→ Your task: Begin at the line containing "Hello, this is" in the records below, end at the line containing "Hey guys, what's", and retype each line in that span exactly. No other line and no image should appear.

:: Information given

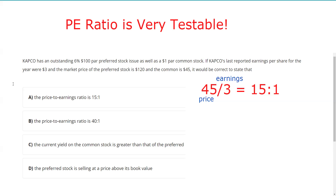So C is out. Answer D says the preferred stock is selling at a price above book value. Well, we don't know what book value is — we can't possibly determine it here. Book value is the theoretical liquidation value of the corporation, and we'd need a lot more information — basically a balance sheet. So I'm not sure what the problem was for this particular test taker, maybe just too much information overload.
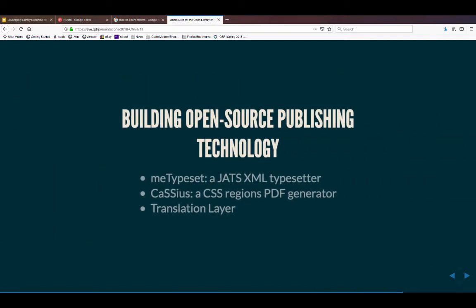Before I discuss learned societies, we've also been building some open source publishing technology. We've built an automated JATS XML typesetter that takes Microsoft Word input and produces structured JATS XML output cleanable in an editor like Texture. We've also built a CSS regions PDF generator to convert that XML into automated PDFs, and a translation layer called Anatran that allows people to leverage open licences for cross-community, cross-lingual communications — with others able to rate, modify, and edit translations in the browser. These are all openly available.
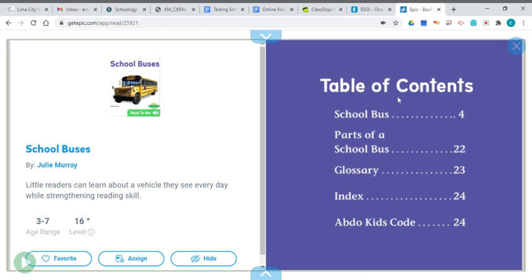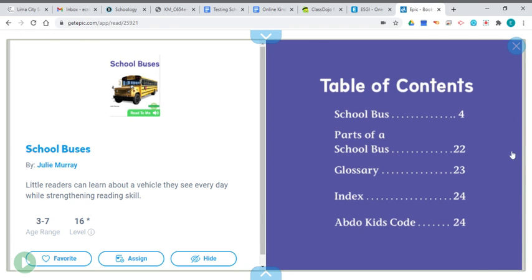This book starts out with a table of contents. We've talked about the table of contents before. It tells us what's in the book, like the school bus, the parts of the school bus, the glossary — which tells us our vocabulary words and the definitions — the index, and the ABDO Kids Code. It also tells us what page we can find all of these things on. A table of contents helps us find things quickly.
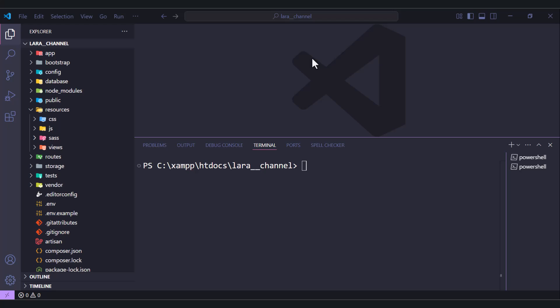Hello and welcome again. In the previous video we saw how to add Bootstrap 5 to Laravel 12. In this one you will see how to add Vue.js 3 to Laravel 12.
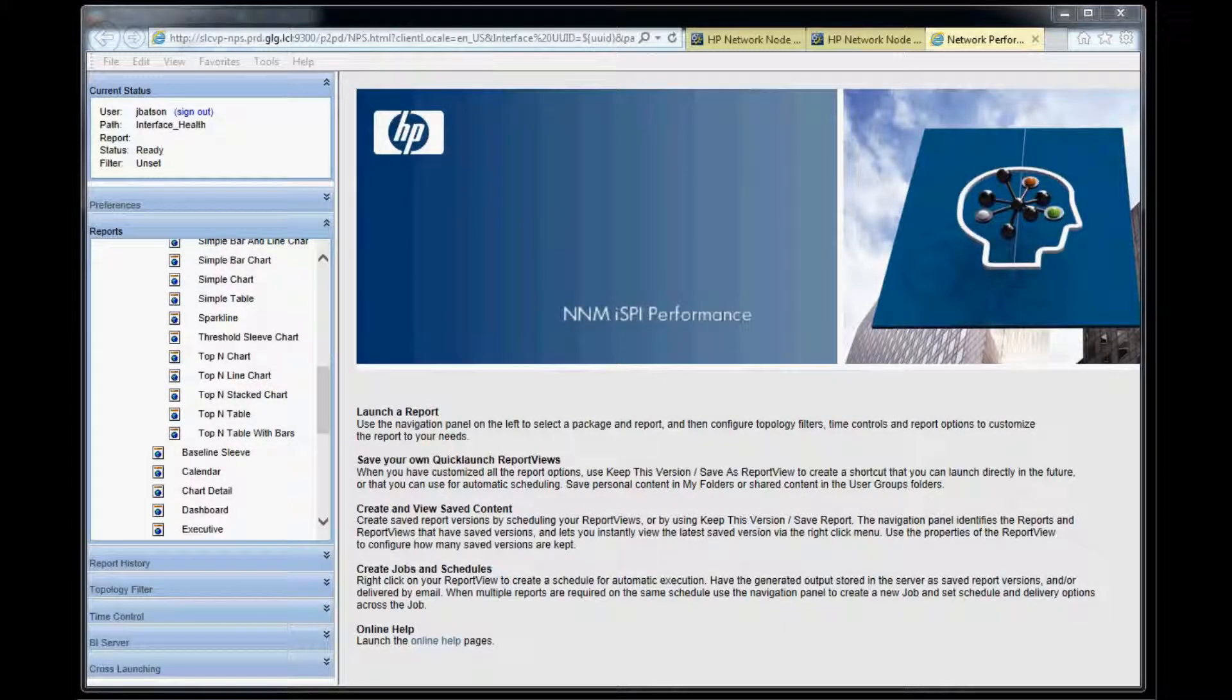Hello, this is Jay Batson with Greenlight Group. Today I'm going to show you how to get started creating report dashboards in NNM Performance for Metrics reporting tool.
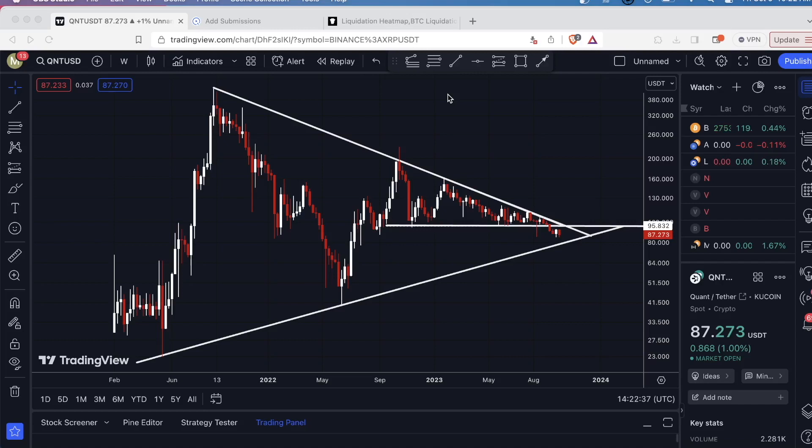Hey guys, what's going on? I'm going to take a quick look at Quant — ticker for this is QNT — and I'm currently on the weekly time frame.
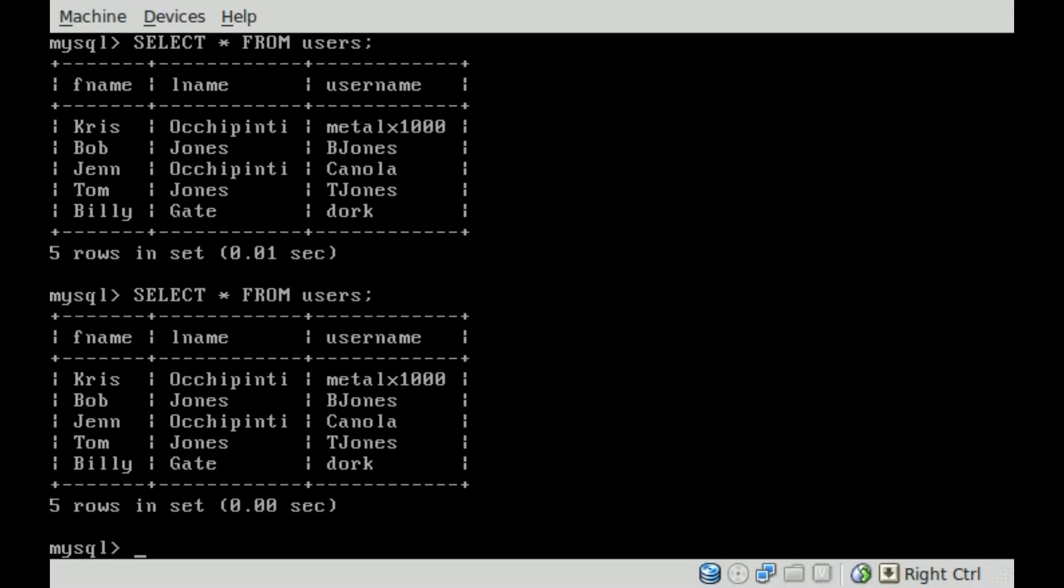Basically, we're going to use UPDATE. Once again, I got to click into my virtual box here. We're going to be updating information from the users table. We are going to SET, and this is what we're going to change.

::::

→ Task output:
Hello, this is Jay Batson with Greenlight Group. Today I'm going to show you how to get started creating report dashboards in NNM Performance for Metrics reporting tool.
Hey guys, what's going on? I'm going to take a quick look at Quant — ticker for this is QNT — and I'm currently on the weekly time frame.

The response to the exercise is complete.